Jantar Secreto | Raphael Montes


Há duas formas de encarar Jantar Secreto: a primeira, e mais óbvia, seria um misto de drama e horror, onde um grupo de jovens, vindos do interior do Paraná, fracassam na tentativa de construir uma vida profissional de sucesso no Rio de Janeiro, e encontram a solução de seus problemas na organização de jantares milionários, onde servem carne humana. Por esse pequeno enredo, fica evidente o quanto a narrativa pode ser pesada e degradante. Entretanto, seguindo por esse caminho, o livro fracassa miseravelmente.

A segunda forma de encarar Jantar Secreto, é classificar a história de humor negro, onde o absurdo das situações faz rir. Por esse outro caminho, o livro agrada e atinge o objetivo de entreter, o que, talvez, não tenha sido o proposto originalmente pelo autor.

Quando se escreve uma história, o autor precisa tomar cuidado com diversas coisas. Entre elas, transformar o que conta em algo verossímil, algo que o leitor compra e acredita, mesmo que os personagens sejam anjos, vampiros, monstros, ou, neste caso, jovens que propagam o canibalismo como forma de ganhar dinheiro.

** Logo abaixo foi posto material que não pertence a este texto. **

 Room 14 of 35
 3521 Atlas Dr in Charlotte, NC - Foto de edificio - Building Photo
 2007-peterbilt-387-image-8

Ao iniciar a leitura de Jantar Secreto, o leitor começa acreditando que algo irá acontecer, mas já nas primeiras páginas, quando o motivo do canibalismo é apresentado, começa uma trajetória de absurdos, que vão crescendo em quantidade e intensidade, que não convencem, não só pelos furos do roteiro, como pelas motivações.

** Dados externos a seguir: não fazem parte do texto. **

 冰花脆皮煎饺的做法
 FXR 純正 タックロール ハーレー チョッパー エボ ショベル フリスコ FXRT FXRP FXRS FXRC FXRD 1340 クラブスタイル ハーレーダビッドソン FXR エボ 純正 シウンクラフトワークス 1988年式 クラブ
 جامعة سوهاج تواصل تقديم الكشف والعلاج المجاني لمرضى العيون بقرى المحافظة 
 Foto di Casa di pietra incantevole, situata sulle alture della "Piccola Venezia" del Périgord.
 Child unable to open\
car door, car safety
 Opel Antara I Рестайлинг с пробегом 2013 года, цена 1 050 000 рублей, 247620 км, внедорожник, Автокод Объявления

A verdade é que você não precisa comer carne humana para incentivar atos monstruosos, basta curtir um bife e uma linguiça que já está dando sua contribuição para o horror.

Nesse ponto, a obra não desaba apenas por um motivo: o humor empregado acidentalmente nos pensamentos e ações de todos os personagens. Digo acidentalmente, porque, pela minha ótica, o autor não teve essa intenção, uma vez que, por diversas vezes, ele coloca Dante, o personagem principal e narrador, a dizer que o que está contando é sério, que o que eles estão fazendo, poderia ser feito por qualquer um de nós nas mesmas situações, que as coisas que eles perpetuam é horrendo e que não é passível de perdão. O que penso é que, ao escrever, o autor percebeu o quanto as situações criadas eram desprovidas de causa, que era necessário implorar para o leitor acreditar que elas poderiam, realmente, acontecer.

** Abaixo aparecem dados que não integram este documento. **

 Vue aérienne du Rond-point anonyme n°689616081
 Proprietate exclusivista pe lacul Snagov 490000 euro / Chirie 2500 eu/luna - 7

Sinto muito, mas não. Ninguém em perfeita saúde mental, ou mesmo nem tanta, apenas por uma dívida de aluguel, que pode ser paga com o dinheiro da mãe de um deles, torna-se assassino e comedor de pessoas. Inclusive, o autor, ainda pela voz de Dante, afirma que as pessoas loucas são menos perigosas que as normais, uma vez que são estas últimas quem, normalmente, perpetuam as maldades. Novamente, sinto discordar. A partir do momento que uma pessoa executa um ato de maldade sem causa, ela tem uma psicopatia e, portanto, não é normal.

Então, o que nos resta, é acompanhar o desenrolar dos acontecimentos e rir dos absurdos que vão sendo apresentados, como a prostituta que se mostra extremamente competente em decepar membros humanos, suando uma motosserra amarela com adesivos, o cozinheiro que usa esses membros como se fossem iguarias, o administrador que recebe os convidados com um sorriso no rosto, mesmo sabendo que as pessoas estão sendo assassinadas, e o especialista em informática, que consegue invadir quase qualquer computador, menos uma conta do Instagram, quando uma foto do jantar vaza.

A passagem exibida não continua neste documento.